Students have close encounter with buffalo at Wanuskewin.
Trevor Iron, top left, joins in the drumming and singing with students.

WANUSKEWIN — Trevor Iron believes everything is connected on our planet, just as Indigenous Peoples have seen and felt their link to nature and the environment for thousands of years.

That’s why the Nêhiyâwiwin Cree language and culture program teacher at Wâhkôhtowin School (formerly Confederation Park School) immerses his students in the culture and tradition of Indigenous ancestors.

“It’s important for our students to learn the history, culture and traditions of the First Nations like the Plains Cree peoples, for them to learn what life was like back then before the first contact with Europeans,” Iron told

He welcomes the Pre-Contact Literacy and Art Project sponsored by the Brownlee Family Foundation in co-operation with Saskatoon Public Schools and the Wanuskewin Heritage Park, which offers students experiences in learning the history of Indigenous people.

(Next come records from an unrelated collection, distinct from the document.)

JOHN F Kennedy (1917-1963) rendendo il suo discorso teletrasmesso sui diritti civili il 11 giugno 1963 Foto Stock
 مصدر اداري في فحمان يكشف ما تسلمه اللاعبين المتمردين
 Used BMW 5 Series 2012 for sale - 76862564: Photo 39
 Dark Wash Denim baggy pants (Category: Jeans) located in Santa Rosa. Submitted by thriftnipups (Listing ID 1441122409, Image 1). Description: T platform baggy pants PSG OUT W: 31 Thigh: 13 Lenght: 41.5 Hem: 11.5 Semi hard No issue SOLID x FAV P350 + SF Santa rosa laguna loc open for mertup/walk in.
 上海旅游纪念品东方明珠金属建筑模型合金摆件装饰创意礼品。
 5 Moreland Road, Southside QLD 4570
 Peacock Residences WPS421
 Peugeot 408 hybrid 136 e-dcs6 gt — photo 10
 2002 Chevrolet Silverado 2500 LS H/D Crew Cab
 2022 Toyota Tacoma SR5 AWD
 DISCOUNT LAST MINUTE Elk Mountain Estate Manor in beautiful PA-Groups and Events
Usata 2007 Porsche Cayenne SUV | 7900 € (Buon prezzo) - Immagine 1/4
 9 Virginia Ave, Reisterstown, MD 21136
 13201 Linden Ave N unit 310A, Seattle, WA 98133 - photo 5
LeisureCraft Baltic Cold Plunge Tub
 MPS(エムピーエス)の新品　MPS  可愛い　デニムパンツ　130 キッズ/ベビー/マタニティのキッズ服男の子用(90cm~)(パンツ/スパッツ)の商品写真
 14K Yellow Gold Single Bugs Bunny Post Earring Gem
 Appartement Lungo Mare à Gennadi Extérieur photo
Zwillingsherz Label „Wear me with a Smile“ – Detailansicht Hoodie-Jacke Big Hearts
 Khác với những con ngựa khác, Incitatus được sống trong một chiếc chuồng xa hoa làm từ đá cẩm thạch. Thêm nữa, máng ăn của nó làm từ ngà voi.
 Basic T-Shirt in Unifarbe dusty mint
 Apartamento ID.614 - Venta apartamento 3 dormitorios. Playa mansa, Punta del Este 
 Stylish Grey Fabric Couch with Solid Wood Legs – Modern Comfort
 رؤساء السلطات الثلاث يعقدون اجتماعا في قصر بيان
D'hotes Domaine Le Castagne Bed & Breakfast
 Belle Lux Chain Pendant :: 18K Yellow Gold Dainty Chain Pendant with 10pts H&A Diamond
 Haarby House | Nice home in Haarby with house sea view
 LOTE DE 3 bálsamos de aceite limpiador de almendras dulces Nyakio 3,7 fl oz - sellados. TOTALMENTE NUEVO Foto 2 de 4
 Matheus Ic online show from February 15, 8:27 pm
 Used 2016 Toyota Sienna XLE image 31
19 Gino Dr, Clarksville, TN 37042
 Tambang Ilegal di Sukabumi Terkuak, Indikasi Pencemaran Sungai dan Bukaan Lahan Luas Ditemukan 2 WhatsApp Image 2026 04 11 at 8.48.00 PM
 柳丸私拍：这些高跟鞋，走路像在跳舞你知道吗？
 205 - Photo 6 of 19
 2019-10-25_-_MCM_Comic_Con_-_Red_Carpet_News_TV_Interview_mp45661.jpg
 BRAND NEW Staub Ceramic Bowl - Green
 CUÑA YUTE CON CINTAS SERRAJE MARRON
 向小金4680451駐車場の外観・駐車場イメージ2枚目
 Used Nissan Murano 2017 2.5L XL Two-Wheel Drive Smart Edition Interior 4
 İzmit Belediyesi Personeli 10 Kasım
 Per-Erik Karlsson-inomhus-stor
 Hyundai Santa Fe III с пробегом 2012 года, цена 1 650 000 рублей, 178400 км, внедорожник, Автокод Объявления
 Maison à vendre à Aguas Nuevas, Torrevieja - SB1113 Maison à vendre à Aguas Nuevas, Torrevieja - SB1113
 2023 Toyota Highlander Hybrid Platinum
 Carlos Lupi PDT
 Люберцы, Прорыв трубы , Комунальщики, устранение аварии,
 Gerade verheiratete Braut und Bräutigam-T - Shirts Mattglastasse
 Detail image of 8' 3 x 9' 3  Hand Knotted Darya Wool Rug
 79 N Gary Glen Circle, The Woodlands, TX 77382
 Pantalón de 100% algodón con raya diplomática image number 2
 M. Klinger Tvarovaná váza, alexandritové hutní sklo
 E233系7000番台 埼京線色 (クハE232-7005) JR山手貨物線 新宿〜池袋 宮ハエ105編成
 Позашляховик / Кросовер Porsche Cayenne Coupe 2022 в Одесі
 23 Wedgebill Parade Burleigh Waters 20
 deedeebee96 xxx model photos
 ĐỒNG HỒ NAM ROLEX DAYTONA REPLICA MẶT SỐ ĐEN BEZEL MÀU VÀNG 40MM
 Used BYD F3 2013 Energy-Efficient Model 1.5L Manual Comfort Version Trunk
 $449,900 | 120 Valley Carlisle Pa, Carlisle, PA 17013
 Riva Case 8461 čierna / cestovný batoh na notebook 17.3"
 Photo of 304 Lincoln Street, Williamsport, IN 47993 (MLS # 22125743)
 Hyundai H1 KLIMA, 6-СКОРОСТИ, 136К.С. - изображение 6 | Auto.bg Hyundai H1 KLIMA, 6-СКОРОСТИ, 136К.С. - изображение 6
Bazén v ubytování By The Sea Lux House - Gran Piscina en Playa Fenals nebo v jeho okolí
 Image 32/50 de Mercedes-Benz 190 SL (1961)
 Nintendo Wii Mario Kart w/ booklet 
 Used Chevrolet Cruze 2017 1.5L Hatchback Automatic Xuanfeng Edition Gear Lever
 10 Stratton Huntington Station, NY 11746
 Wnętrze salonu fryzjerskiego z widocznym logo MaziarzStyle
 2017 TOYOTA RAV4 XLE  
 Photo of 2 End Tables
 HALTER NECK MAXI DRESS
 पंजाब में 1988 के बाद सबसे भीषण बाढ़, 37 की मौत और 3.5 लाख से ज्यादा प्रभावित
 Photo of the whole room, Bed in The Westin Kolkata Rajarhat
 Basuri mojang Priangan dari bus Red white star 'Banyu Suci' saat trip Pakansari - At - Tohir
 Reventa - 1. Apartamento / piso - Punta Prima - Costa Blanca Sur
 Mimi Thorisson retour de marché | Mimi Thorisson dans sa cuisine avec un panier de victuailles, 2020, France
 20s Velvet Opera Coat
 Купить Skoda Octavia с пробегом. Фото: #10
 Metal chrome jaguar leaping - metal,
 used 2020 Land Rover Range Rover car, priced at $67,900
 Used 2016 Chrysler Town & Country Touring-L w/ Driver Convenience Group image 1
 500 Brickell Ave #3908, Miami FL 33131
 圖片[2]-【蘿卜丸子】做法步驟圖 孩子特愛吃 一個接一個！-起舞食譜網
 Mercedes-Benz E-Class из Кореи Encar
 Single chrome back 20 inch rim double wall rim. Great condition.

The project culminated with an art exhibit of works made by Grade 7 and 8 students and a cultural program Tuesday at the Wanuskewin amphitheatre where Indigenous dances and songs were performed.

“There’s so much stuff that actually went on here and it is important that they experience these things, like seeing the buffaloes, the exhibits and walking the trails. I know they enjoyed our visits here,” added Iron.

He told a story from one of their field trips in October last year at Wanuskewin when he managed to entice the herd of the bison to come closer to them at the raised viewing platform across the visitor’s centre.

“We were done with our sessions early and our bus wasn’t going to get here until 2:30 p.m. So, I told the kids to go to the platform to see the buffaloes. As we were walking toward the viewing platform, I can see that all of the kids are already there waiting,” said Iron.

“I was walking with one of my students and as we got nearer, I told her. ‘Listen, I will call those buffaloes.’ I could see in her face the hesitation, thinking that I’m crazy. So, I stopped and yelled out: astam-ek! Which means come here, I called them out.”

The students who were already at the viewing platform thought their teacher was calling them back, so they turned around and looked at Iron, They knew the word astam-ek and thought he was calling, but his command was directed to the bison that can be seen hundreds of feet from the viewing platform.

And the unthinkable happened. Suddnely they saw dust rising from the ground and the herd running toward the viewing platform.

“The kids saw the lead buffalo, the matriarch of the group, who is guiding everyone. Then the younger ones and older ones, then the big bulls at the back protecting the entire herd. The kids were surprised to see them up close. As they came, they stopped right in front of us,” said Iron.

“They were doing all kinds of stuff, things that you can only watch in shows like Discovery Channel or Animal Planet. They were stomping their hooves on the ground, butting their heads and rolling in the dirt. They were playing around and doing everything people wanted to see.”

He added that at first the kids were frightened, seeing the herd running toward them, but he assured them that they would stop charging.

“I told the kids that they went here to show you what you guys want to see. All those feelings and thoughts, they sent to the buffaloes. That’s why they were doing all those things that they wanted to see.”